Lately I’ve been listening to “Blue” by Joni Mitchell. It has been hailed by many critics as a musical and lyrical masterpiece for the emotional rawness that Joni expertly weaves from top to bottom throughout each song. An album dedicated to the subtle and complex feelings of heartbreak, it can be heard as an emotional diary of the ups and downs of the state of “blue” and inside and out.
Listeners are invited to journey through the incoherent movement of grief rather than curate the aesthetics of grief. Especially when heard in the intro to her track “All I Want,” Mitchell sets the tone that her state of blue is defined by the fact that she can’t decide what she wants. Road and/I am traveling, traveling, traveling, traveling/looking for something, what is it?”
Joni’s albums dedicated to the feeling of grief will always surprise you. Just when you think you’ve settled into the overwhelming melancholy of the song “Blue,” she quickly shifts to the optimistic “California,” heading home. Deal with that hopeful feeling. From a song dedicated to the vague melancholy and the way it dyes every moment blue, to a song dedicated to the place she loves and the longing for the hope of finally being accepted and whole. the selected song. “Accept me as I am.”
There’s a reason this album is titled ‘Blue’ instead of ‘Sad Atmosphere’ or ‘Melancholy Music’. Yes, Mitchell’s album explores feelings of heartbreak and depression, but she also highlights the bright shades of “blue” that might color one’s world.

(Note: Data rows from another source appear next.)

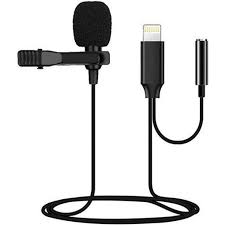 Wireless lavalier microphone ferbuee uhf lapel microphone, 2 lavalier mics & 1 receiver, 150ft stable wireless transmission voice recording mic. Blueland Lavalier Microphone With One Side Connect Earphone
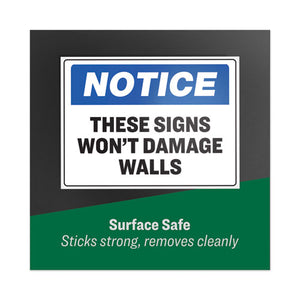 Avery® wholesale. AVERY Surface Safe Removable Label Safety Signs, Inkjet-laser Printers, 3.5 X 5, White, 4-sheet, 15 Sheets-pack. HSD Wholesale: Janitorial Supplies, Breakroom Supplies, Office Supplies.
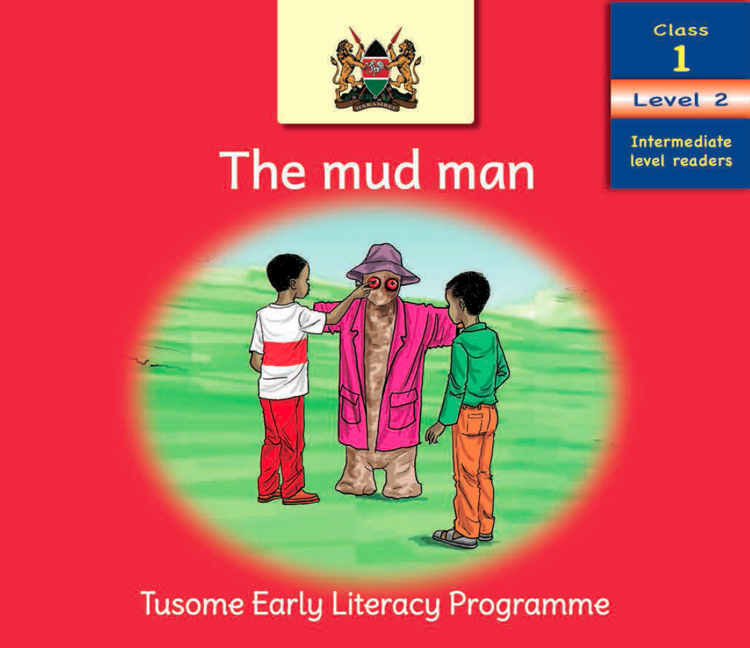 Cover page for the Mud Man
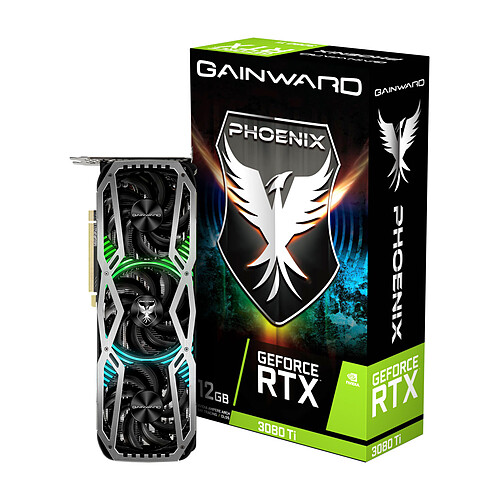 Gainward GeForce RTX 3080 Ti Phoenix (LHR) pas cher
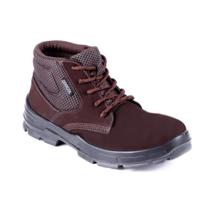 Botina Bracol Nobuck Bae Eletricista Bico PVC CA 48383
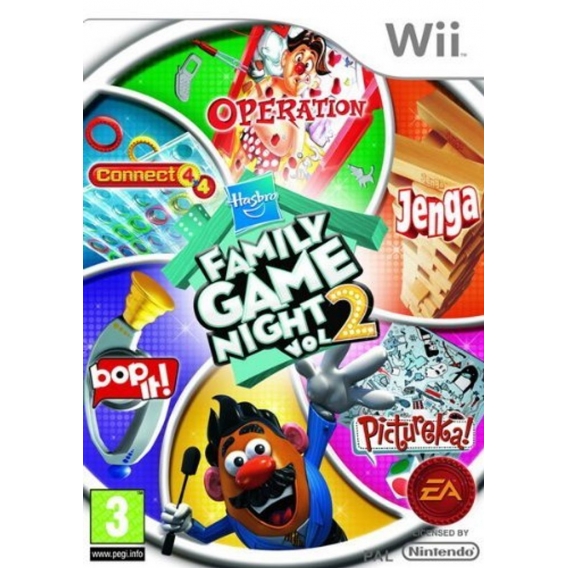 Hasbro Family Game Night: Volume 2 (Nintendo Wii) (UK IMPORT)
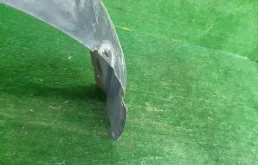 Подкрылок передний левый для Skoda Rapid 2017 года на фотографиях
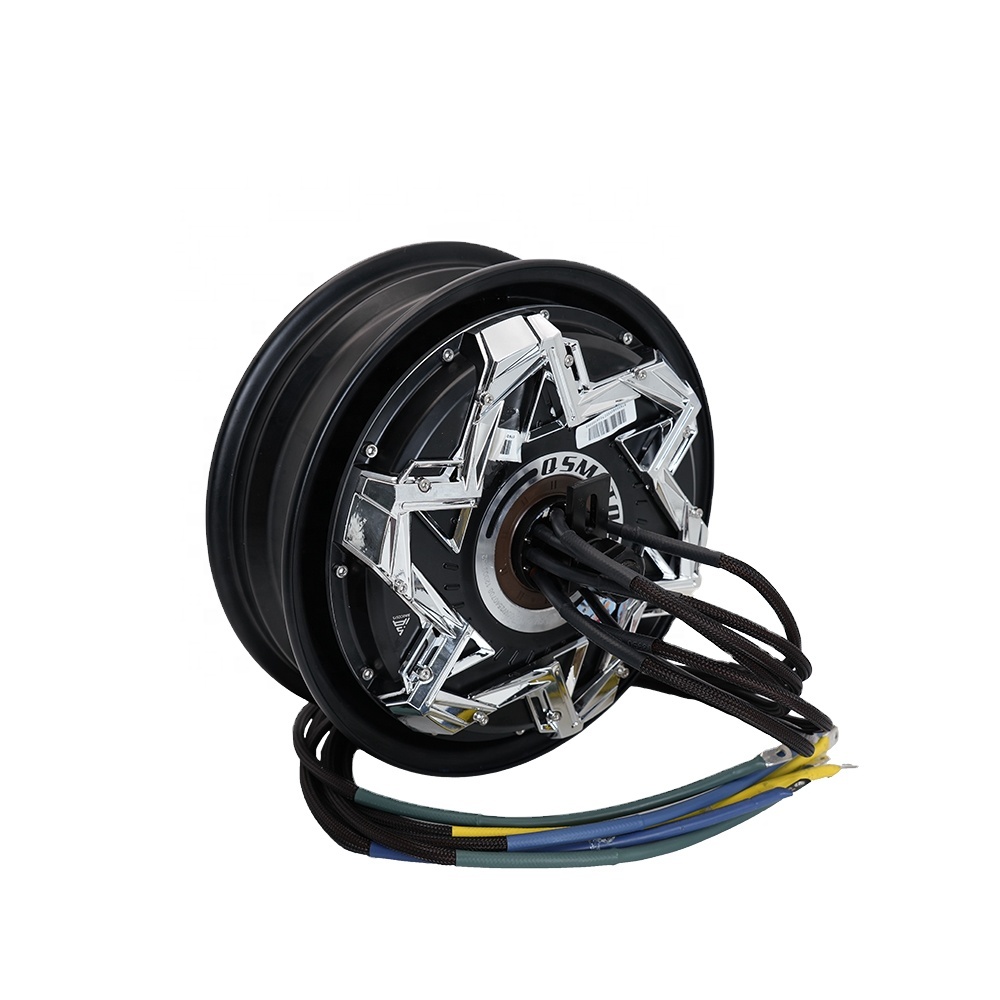 12000W Electric Motorcycle Hub Motor - Silnik QS 12x3.5 cala QS260 70H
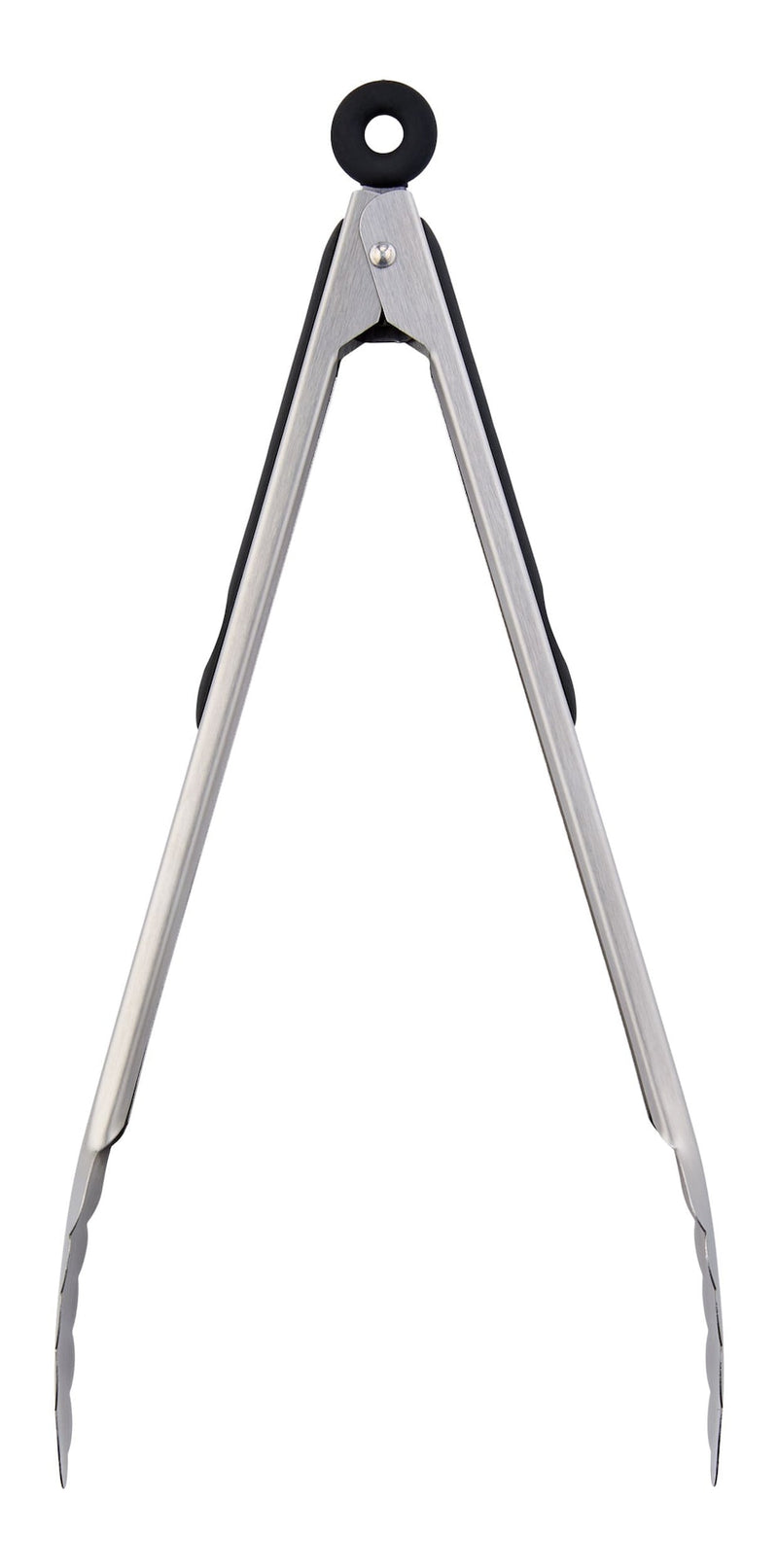 Stainless Steel Tongs with Locking Mechanism, 12-in H6181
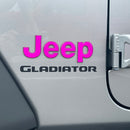 Tufskinz Driver/Passenger Emblem Overlays for Gladiator JT (2019-2024) - Aspire Auto Accessories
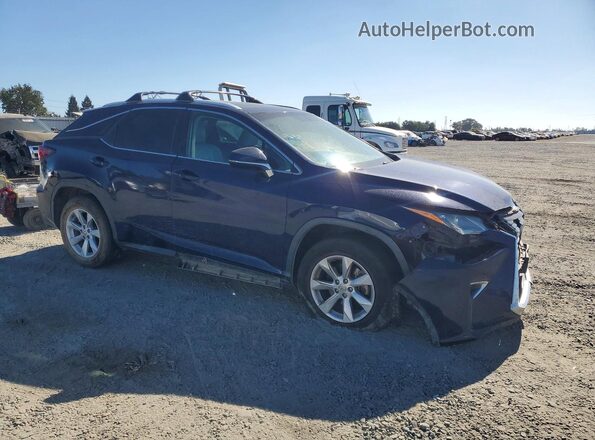 2T2BZMCA5GC017432 2016 LEXUS RX Black Delantero derecho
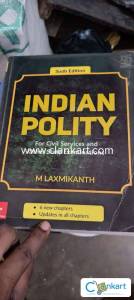 UPSC book polity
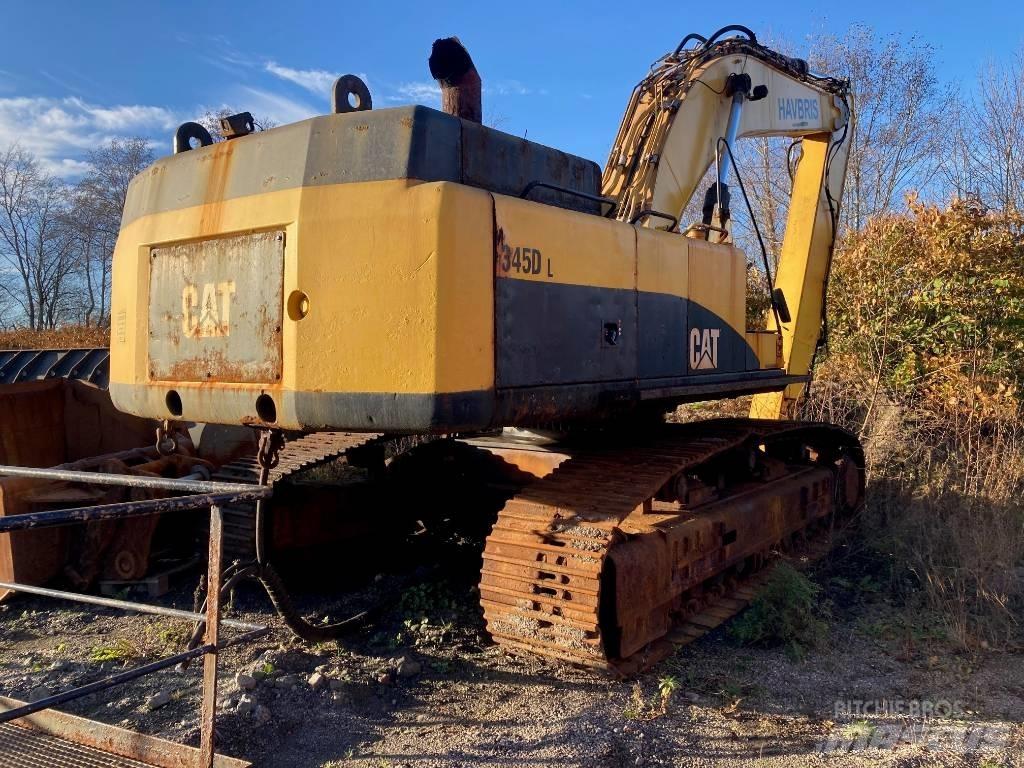 CAT 345 D L Escavadoras de rastos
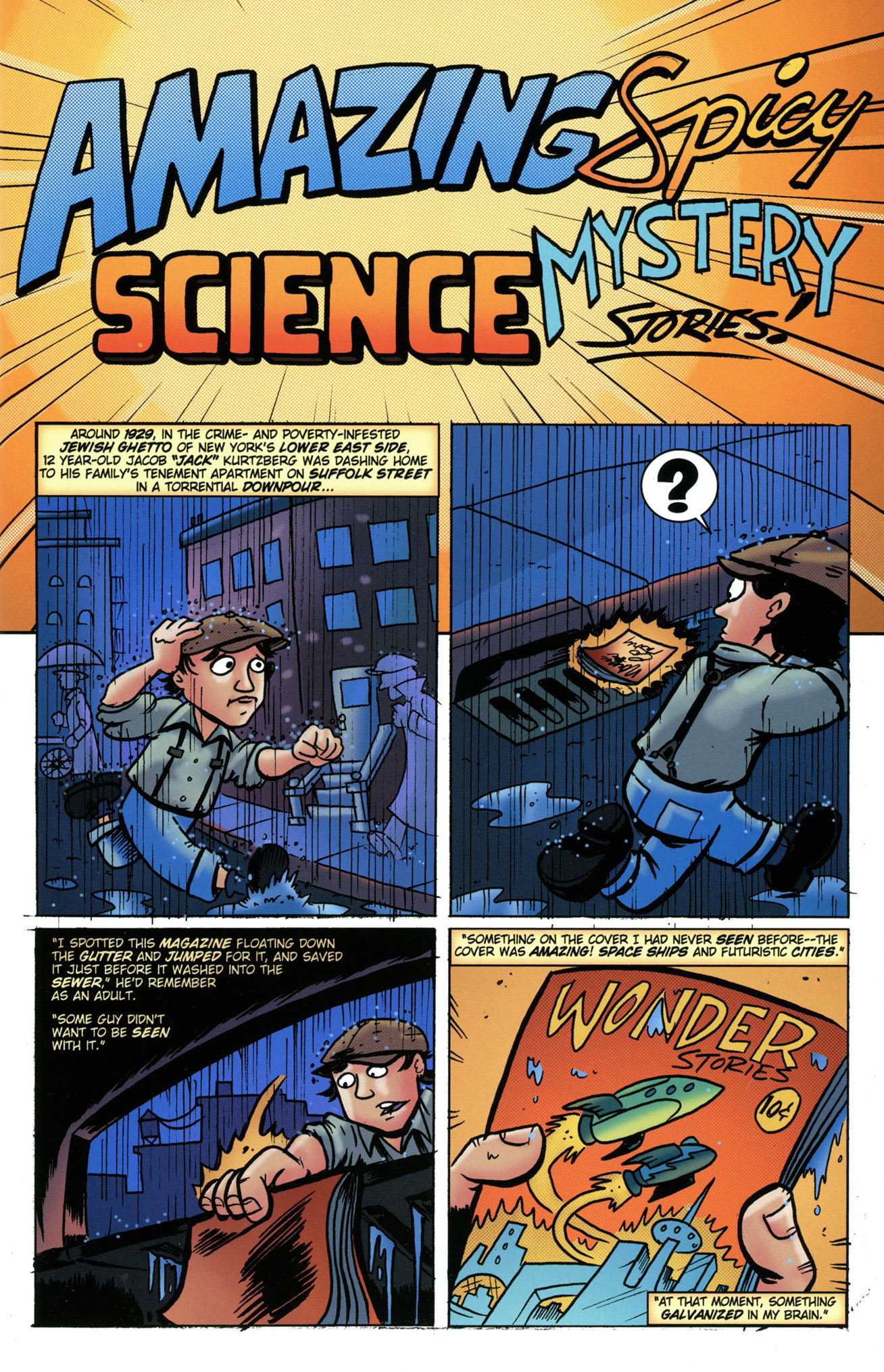 Read online Comic Book History of Comics comic -  Issue #1 - 13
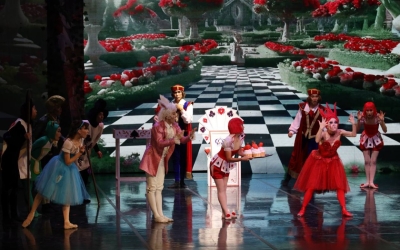 Королевский балет от якутских постановщиков. «Алиса» собирает залы
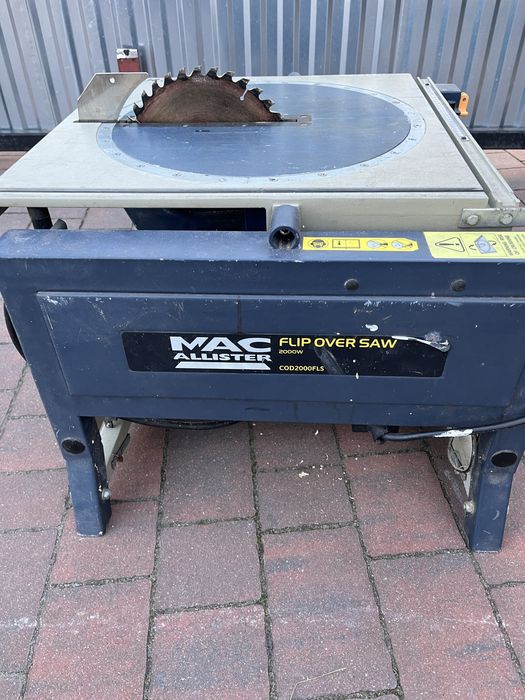 Piła stołowa krajzega mała Mac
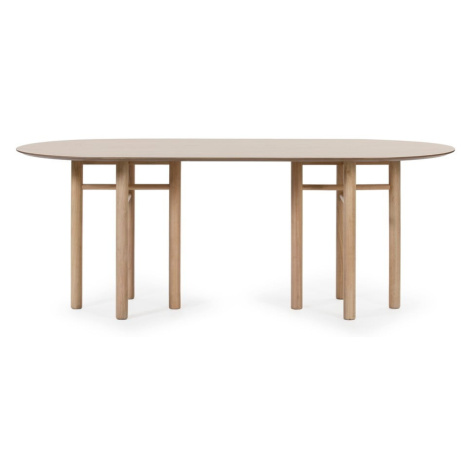 Oválny jedálenský stôl Teulat Junco, dĺžka 200 cm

On “A Case of You,” hailed as one of the greatest love songs ever dedicated to songwriter James Taylor, Joni’s voice echoes metaphorically likening their love to a case of wine. increase. Like holy wine in my blood/It tastes so bitter and so sweet/I could drink your case/And I’m still on my feet. It provides an emotional landscape of sadness when you should be happy because you found it, but there is still loneliness left.
These songs stand out on their own, but there’s something about hearing them all together in the intended order that more fully emotionally portrays what Joni could have been trying to convey. Not only that, but we are forced to sit, concentrate and listen during uncomfortable moments.
Spotify’s algorithm has eliminated the process of listening to albums. After listening to “Blue,” you don’t necessarily want to consume a lot of other music. Perhaps you want to listen again, or simply sit in silence and process the emotional moves you yourself witnessed and experienced.
In all our quest to listen to music that perfectly fits any mood, we may actually be sacrificing the meditative and rich emotional experience that listening to an album provides. Algorithms and user-centric streaming services may try to convince you otherwise, but try listening to an album you’ve never heard before.?
Don’t skip the song if it doesn’t suit your mood. just listen. Get caught up in the movement of the album and follow its journey, even if it’s uncomfortable. Then listen again. Fight algorithms and fake music genres.